• Material provided:
Segment Open

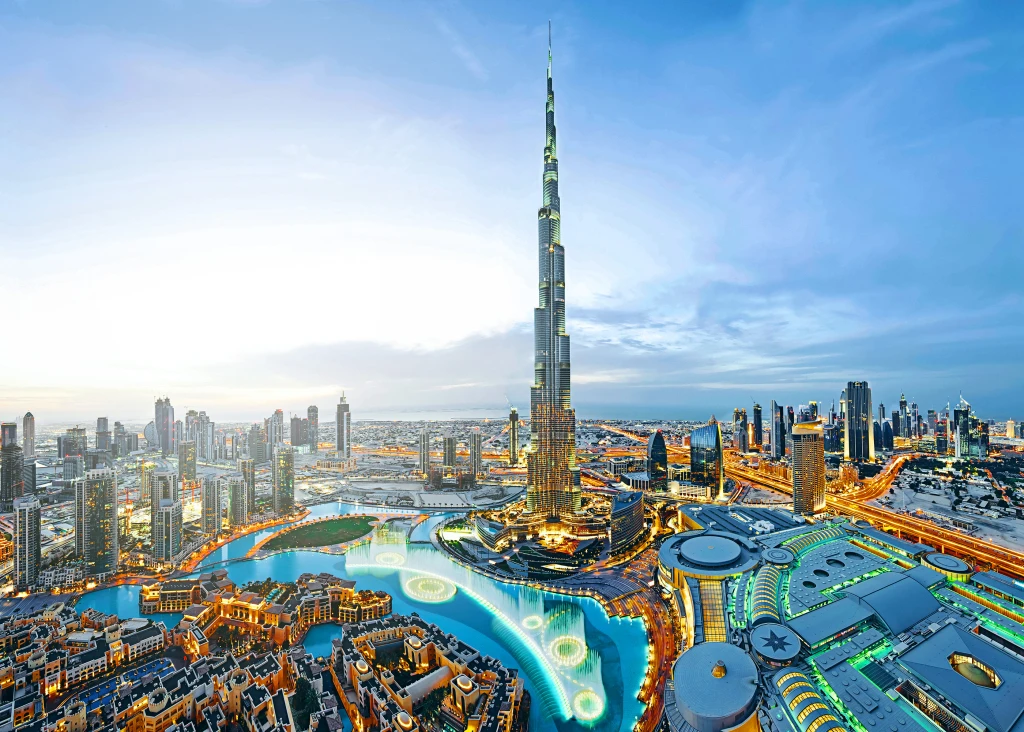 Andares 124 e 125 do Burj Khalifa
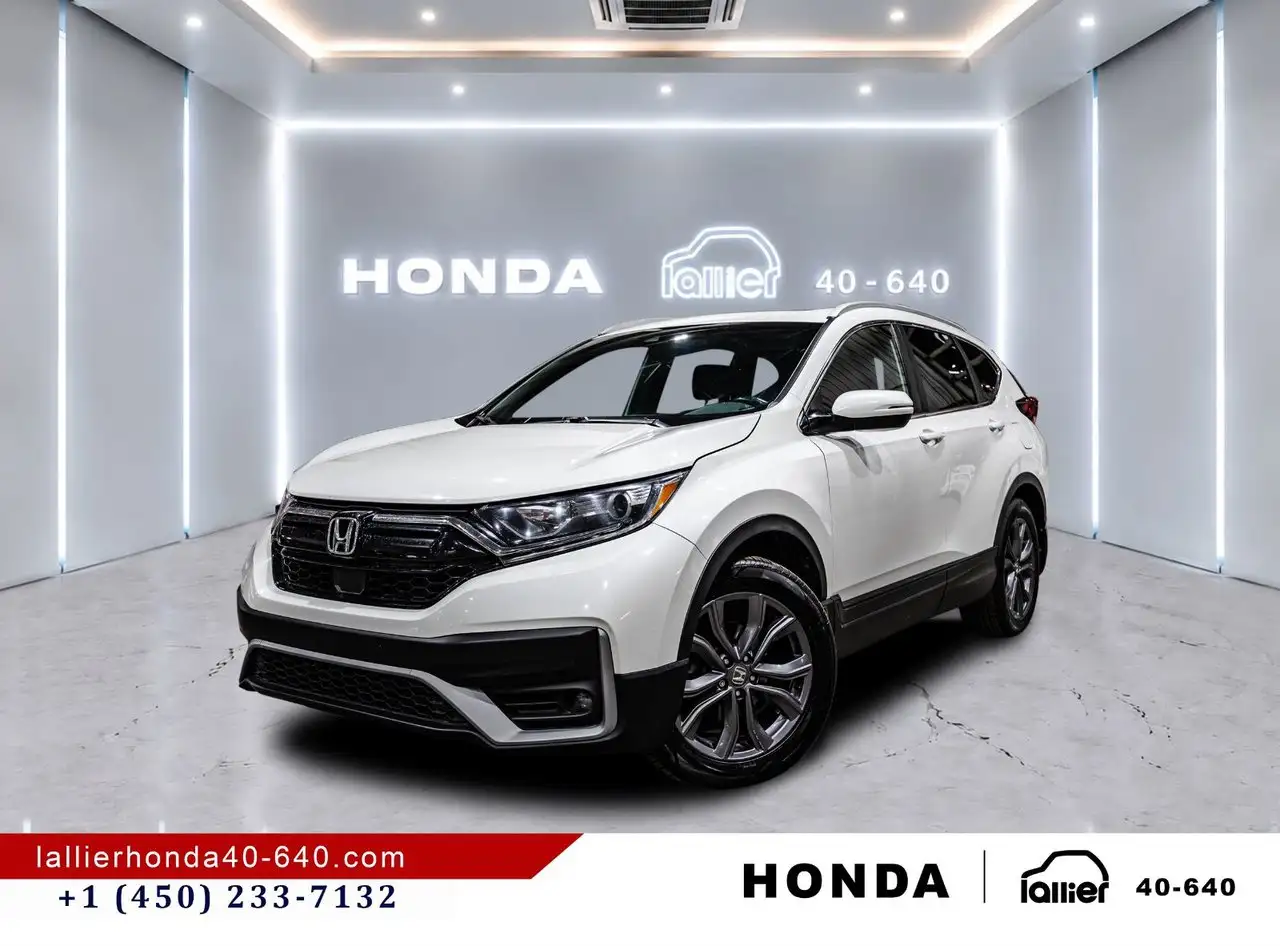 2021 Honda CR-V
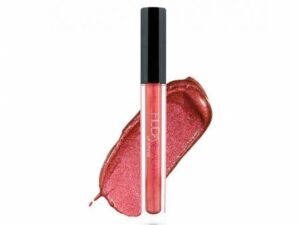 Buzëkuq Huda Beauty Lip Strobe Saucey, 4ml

Segment Closed

• Your goal:
Return all the material exactly, skipping pictures.

• Exercise answer:
 Andares 124 e 125 do Burj Khalifa
 2021 Honda CR-V
 Buzëkuq Huda Beauty Lip Strobe Saucey, 4ml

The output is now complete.